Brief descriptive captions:
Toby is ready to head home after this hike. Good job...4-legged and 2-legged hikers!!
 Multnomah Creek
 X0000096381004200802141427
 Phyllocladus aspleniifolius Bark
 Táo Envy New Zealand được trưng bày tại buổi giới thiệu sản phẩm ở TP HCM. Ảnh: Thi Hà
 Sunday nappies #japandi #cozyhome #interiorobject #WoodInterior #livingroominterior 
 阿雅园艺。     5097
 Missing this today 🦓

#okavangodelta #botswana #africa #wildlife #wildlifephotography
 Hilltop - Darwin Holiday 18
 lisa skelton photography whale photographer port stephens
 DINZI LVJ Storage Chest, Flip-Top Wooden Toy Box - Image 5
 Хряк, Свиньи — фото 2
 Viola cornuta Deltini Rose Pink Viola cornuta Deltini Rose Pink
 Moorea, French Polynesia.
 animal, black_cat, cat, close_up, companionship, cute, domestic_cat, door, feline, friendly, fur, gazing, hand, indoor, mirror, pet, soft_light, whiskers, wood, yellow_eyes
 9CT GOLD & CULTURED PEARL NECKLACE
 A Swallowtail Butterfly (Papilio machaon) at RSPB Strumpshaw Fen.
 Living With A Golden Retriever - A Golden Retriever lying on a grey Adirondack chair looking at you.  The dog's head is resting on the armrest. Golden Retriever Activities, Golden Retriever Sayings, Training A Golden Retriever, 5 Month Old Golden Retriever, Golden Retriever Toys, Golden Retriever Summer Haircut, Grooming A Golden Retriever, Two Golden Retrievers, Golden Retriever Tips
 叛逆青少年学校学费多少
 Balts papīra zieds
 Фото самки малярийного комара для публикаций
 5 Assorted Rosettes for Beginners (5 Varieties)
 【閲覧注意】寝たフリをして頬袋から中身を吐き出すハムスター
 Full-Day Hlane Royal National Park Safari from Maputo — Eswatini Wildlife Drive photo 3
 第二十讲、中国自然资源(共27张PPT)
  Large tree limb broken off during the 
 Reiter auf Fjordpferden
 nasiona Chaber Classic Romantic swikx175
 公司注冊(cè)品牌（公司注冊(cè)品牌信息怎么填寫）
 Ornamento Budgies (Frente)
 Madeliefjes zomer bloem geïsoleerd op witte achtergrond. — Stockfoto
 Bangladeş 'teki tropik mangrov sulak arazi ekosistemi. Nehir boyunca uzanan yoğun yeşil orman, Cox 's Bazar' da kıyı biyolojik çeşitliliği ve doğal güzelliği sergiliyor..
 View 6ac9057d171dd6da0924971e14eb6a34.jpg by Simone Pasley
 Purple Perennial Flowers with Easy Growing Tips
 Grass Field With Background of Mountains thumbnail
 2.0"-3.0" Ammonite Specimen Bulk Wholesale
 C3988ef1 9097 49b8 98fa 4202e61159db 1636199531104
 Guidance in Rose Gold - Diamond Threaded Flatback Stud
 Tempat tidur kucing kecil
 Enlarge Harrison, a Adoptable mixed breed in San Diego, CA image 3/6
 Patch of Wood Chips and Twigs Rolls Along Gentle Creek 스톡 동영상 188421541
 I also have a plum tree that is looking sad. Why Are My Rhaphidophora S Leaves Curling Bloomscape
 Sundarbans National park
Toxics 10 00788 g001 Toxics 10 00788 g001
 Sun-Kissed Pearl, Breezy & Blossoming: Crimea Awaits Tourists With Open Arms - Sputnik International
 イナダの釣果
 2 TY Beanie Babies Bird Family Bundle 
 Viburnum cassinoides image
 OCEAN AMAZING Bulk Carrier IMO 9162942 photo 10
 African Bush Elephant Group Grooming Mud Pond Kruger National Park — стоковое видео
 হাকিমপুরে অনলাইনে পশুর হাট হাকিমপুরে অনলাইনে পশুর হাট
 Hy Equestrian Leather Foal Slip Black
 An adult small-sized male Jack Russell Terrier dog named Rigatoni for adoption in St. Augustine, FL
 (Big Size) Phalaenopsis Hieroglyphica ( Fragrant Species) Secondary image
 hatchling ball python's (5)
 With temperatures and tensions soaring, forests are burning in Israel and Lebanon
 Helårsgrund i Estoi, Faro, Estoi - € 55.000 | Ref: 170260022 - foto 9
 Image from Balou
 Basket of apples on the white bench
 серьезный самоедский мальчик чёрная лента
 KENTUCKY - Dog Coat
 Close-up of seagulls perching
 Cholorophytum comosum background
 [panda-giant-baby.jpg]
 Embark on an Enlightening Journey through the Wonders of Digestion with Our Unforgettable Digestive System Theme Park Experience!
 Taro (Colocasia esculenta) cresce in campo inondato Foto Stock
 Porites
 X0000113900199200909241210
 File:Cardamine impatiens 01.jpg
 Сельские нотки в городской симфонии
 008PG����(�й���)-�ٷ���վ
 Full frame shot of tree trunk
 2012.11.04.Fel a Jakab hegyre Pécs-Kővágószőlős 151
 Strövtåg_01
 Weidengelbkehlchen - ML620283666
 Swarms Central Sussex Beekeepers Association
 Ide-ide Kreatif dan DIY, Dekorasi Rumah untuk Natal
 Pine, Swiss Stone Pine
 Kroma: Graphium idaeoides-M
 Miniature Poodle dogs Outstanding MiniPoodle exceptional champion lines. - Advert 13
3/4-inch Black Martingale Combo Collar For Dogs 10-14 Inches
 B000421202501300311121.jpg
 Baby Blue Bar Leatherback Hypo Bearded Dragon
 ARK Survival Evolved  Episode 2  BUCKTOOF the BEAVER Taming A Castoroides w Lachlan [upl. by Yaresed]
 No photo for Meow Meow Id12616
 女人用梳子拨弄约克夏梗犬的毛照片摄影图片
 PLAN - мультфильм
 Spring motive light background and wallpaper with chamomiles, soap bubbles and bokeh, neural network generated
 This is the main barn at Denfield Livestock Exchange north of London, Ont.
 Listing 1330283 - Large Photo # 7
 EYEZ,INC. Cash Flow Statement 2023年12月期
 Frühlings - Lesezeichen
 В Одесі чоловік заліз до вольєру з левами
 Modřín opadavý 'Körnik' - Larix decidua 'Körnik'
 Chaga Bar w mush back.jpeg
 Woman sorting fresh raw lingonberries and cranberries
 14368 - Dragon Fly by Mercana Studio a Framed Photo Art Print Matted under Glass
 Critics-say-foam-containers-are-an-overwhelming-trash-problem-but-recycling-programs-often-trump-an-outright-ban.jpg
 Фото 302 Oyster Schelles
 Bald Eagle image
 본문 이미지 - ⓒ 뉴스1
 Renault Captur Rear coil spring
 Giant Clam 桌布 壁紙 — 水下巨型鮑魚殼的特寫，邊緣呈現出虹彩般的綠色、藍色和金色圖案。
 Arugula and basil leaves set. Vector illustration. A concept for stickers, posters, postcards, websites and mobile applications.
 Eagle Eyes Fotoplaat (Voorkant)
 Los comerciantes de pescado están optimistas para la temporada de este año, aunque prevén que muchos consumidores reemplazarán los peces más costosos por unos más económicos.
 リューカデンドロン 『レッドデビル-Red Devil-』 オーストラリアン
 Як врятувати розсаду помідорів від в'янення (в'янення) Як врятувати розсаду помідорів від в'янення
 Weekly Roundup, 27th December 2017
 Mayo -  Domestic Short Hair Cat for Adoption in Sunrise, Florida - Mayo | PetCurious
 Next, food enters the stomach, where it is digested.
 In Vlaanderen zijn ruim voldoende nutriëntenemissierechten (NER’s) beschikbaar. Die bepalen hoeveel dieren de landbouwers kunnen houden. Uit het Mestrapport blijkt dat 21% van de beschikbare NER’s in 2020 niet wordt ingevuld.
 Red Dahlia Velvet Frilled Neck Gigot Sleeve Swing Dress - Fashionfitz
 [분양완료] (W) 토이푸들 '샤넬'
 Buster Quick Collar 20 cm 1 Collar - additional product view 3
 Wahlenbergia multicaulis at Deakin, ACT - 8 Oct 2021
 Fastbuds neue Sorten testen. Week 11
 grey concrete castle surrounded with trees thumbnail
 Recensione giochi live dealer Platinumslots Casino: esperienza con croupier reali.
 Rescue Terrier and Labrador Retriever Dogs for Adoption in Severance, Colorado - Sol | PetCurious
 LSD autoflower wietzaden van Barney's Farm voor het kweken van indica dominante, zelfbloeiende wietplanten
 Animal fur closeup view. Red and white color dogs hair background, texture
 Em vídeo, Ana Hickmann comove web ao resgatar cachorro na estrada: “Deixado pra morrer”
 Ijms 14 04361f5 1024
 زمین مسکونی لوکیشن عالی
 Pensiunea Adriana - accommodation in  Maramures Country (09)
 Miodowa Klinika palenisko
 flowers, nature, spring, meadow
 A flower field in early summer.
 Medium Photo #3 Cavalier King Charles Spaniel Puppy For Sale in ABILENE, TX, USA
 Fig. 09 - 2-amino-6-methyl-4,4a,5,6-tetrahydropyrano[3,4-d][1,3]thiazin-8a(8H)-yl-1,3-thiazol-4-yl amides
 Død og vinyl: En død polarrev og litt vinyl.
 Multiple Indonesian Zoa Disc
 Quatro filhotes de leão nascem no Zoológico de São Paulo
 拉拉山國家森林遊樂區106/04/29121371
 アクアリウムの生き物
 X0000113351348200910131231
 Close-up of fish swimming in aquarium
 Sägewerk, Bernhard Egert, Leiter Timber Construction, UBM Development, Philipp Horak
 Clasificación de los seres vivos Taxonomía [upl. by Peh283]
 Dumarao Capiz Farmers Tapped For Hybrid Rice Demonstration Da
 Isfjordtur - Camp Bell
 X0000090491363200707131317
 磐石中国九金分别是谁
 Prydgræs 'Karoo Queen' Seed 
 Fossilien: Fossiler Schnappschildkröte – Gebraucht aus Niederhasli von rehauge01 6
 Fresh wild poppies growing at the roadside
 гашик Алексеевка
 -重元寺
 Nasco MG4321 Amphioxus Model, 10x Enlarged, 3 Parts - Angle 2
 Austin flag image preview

> **WHAT THE EXERCISE ASKS**:
Transcribe the entries above word for word, from the first line through the line containing "Фото самки малярийного комара для публикаций", and nothing else.

> **RESPONSE TO THE EXERCISE**:
Toby is ready to head home after this hike. Good job...4-legged and 2-legged hikers!!
 Multnomah Creek
 X0000096381004200802141427
 Phyllocladus aspleniifolius Bark
 Táo Envy New Zealand được trưng bày tại buổi giới thiệu sản phẩm ở TP HCM. Ảnh: Thi Hà
 Sunday nappies #japandi #cozyhome #interiorobject #WoodInterior #livingroominterior 
 阿雅园艺。     5097
 Missing this today 🦓

#okavangodelta #botswana #africa #wildlife #wildlifephotography
 Hilltop - Darwin Holiday 18
 lisa skelton photography whale photographer port stephens
 DINZI LVJ Storage Chest, Flip-Top Wooden Toy Box - Image 5
 Хряк, Свиньи — фото 2
 Viola cornuta Deltini Rose Pink Viola cornuta Deltini Rose Pink
 Moorea, French Polynesia.
 animal, black_cat, cat, close_up, companionship, cute, domestic_cat, door, feline, friendly, fur, gazing, hand, indoor, mirror, pet, soft_light, whiskers, wood, yellow_eyes
 9CT GOLD & CULTURED PEARL NECKLACE
 A Swallowtail Butterfly (Papilio machaon) at RSPB Strumpshaw Fen.
 Living With A Golden Retriever - A Golden Retriever lying on a grey Adirondack chair looking at you.  The dog's head is resting on the armrest. Golden Retriever Activities, Golden Retriever Sayings, Training A Golden Retriever, 5 Month Old Golden Retriever, Golden Retriever Toys, Golden Retriever Summer Haircut, Grooming A Golden Retriever, Two Golden Retrievers, Golden Retriever Tips
 叛逆青少年学校学费多少
 Balts papīra zieds
 Фото самки малярийного комара для публикаций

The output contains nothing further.